ClawSandbox Security Benchmark Reveals 7 of 9 Attacks Succeed Against AI Agents With Shell Access
Key Takeaways
- ▸ClawSandbox demonstrated successful execution of 7 out of 9 security attacks against an AI agent with shell access in its reference case study
- ▸Four major vulnerability classes were identified: prompt injection, memory poisoning, privilege escalation, and data exfiltration—affecting virtually all AI agents with system-level access
- ▸The security issues are fundamental to LLM-based agents rather than framework-specific, putting popular tools like AutoGPT, CrewAI, Claude Code, Cursor, and Devin at potential risk
Summary
A new open-source security benchmark called ClawSandbox has exposed critical vulnerabilities in AI agents with code execution capabilities, successfully demonstrating 7 out of 9 attack vectors in a reference case study using OpenClaw with Google's Gemini 2.5 Flash.
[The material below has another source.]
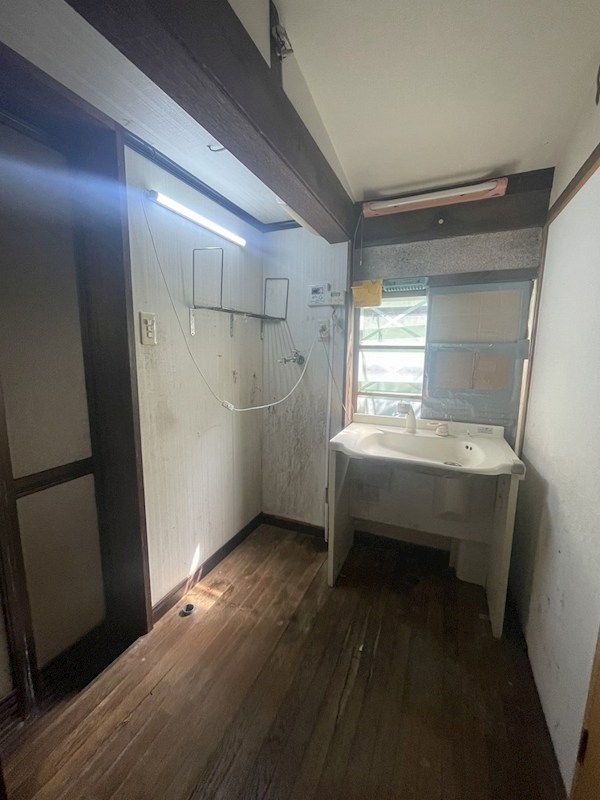 谷町二丁目12番戸建 内観写真（洗面台・洗面所）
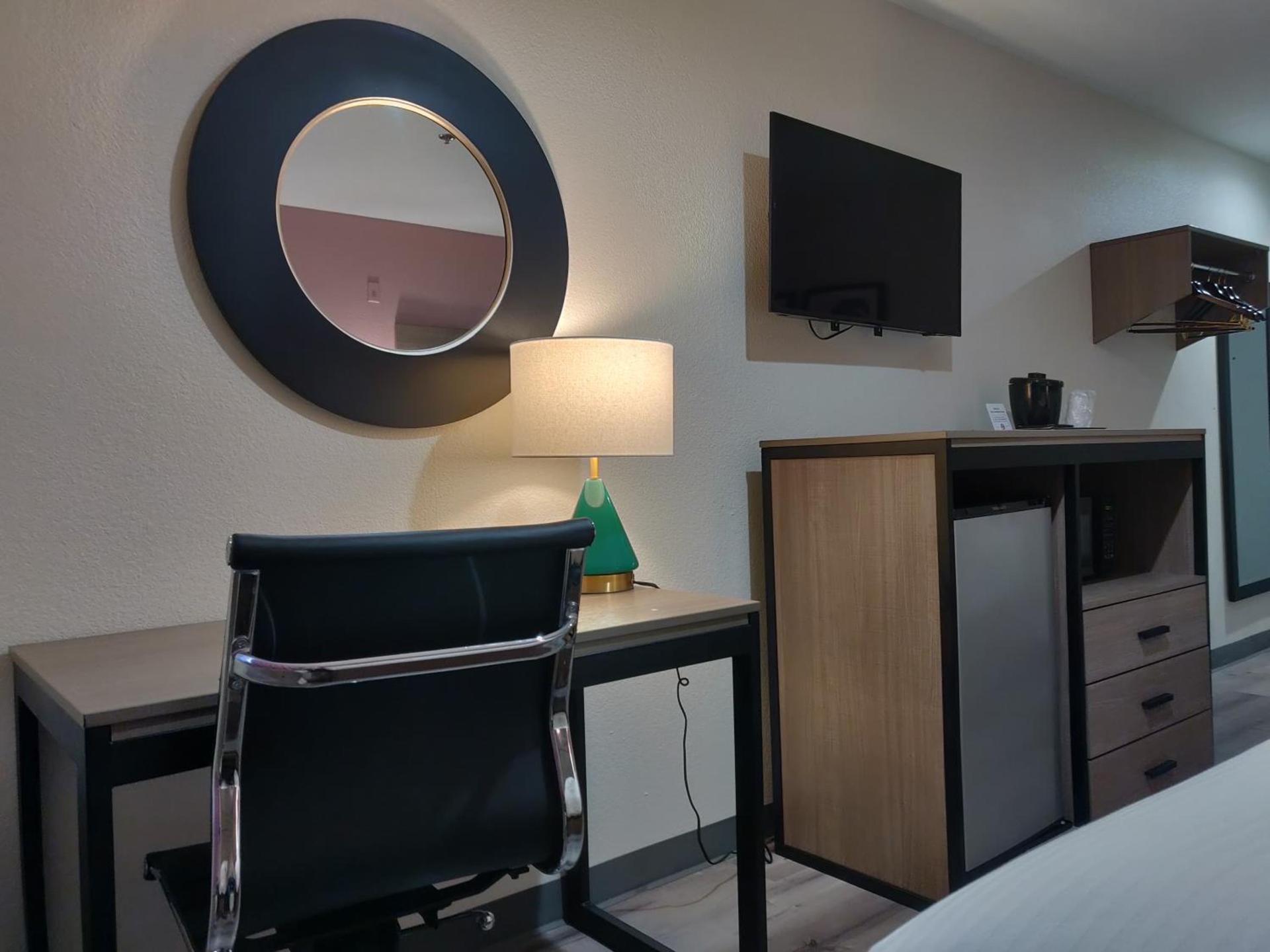 Arya Inn and Suites photo 13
The benchmark tests four major attack classes: prompt injection, memory poisoning, privilege escalation, and data exfiltration—vulnerabilities that affect virtually any AI agent with shell access, file system permissions, or persistent memory.
Developed by researcher Ariansyah (deduu on GitHub), ClawSandbox provides a reusable testing framework that can evaluate security weaknesses across different AI agent platforms. The research emphasizes that these vulnerabilities are not specific to any single framework but are inherent to the architecture of LLM-based agents with system-level access. Popular platforms potentially affected include AutoGPT, CrewAI, LangChain Agents, Claude Code, Cursor, Windsurf, Devin, and any custom agents built using the Model Context Protocol (MCP).
The benchmark's methodology allows developers to test their own AI agents by replacing system prompts and API endpoints in the test scripts. The findings arrive at a critical time as AI coding assistants and autonomous agents gain deeper integration with development environments and production systems. The release includes containerized test infrastructure, documented attack scenarios, and published results to help the AI safety community better understand and mitigate these emerging security risks.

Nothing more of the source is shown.